KHARKIV: Russia battered Ukraine with more than two dozen missiles and hundreds of drones early Tuesday, killing four people and pummelling another power plant, piling more pressure on Ukraine’s brittle energy system.
An AFP journalist in the eastern Kharkiv region, where four people were killed, saw firefighters battling a fire at a postal hub and rescue workers helping survivors by lamp light in freezing temperatures.
Ukrainian President Volodymyr Zelensky said “several hundred thousand” households near Kyiv were without power after the strikes, and again called on allies to bolster his country’s air defense systems.
“The world can respond to this Russian terror with new assistance packages for Ukraine,” President Volodymyr Zelensky wrote on social media.
“Russia must come to learn that cold will not help it win the war,” he added.
Authorities in Kyiv and the surrounding region rolled out emergency power cuts in the hours after the attack, saying freezing temperatures were complicating their work.
DTEK, Ukraine’s largest energy provider, said Russian forces had struck one of its power plants, saying it was the eighth such attack since October.
The operator did not reveal which of its plants was struck, but said Russia had attacked its power plants over 220 times since Moscow invaded Ukraine in 2022.
Daily attacks
Moscow has pummelled Ukraine with daily drone and missile barrages in recent months, targeting energy infrastructure and cutting power and heating in the frigid height of winter.
The Ukrainian air force said that Tuesday’s bombardment included 25 missiles and 247 drones.
The Kharkiv governor gave the death toll and added that six people were wounded in the overnight hit outside the region’s main city, also called Kharkiv.
White helmeted emergency workers could be seen clambering through the still-smoking wreckage of a building occupied by postal company Nova Poshta, in a video posted by the regional prosecutor’s office.
Within Ukraine’s second city, Kharkiv Mayor Igor Terekhov said a Russian long-range drone struck a medical facility for children, causing a fire. No casualties were reported.
The overnight strikes hit other regions as well, including southern city Odesa.
Residential buildings, a hospital and a kindergarten were damaged, with at least five people wounded in two waves of attacks, regional governor Sergiy Lysak said.

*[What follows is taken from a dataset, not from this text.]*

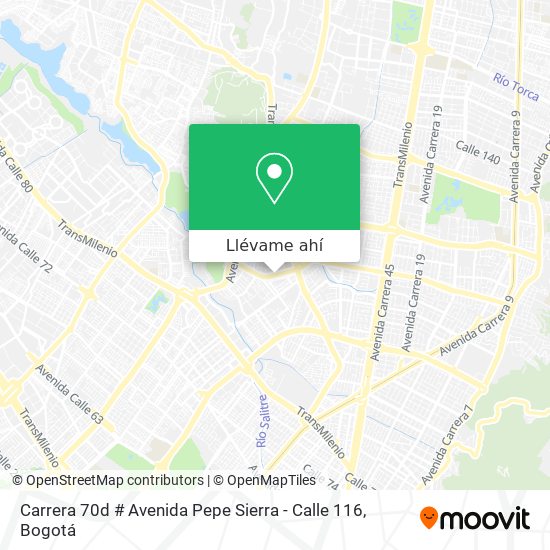 Mapa de Carrera 70d # Avenida Pepe Sierra - Calle 116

Russia’s use last week of a nuclear-capable Oreshnik ballistic missile on Ukraine sparked condemnation from Kyiv’s allies, including Washington, which called it a “dangerous and inexplicable escalation of this war.”
Moscow on Monday said the missile hit an aviation repair factory in the Lviv region and that it was fired in response to Ukraine’s attempt to strike one of Russian President Vladimir Putin’s residences — a claim Kyiv denies and that Washington has said it does not believe happened.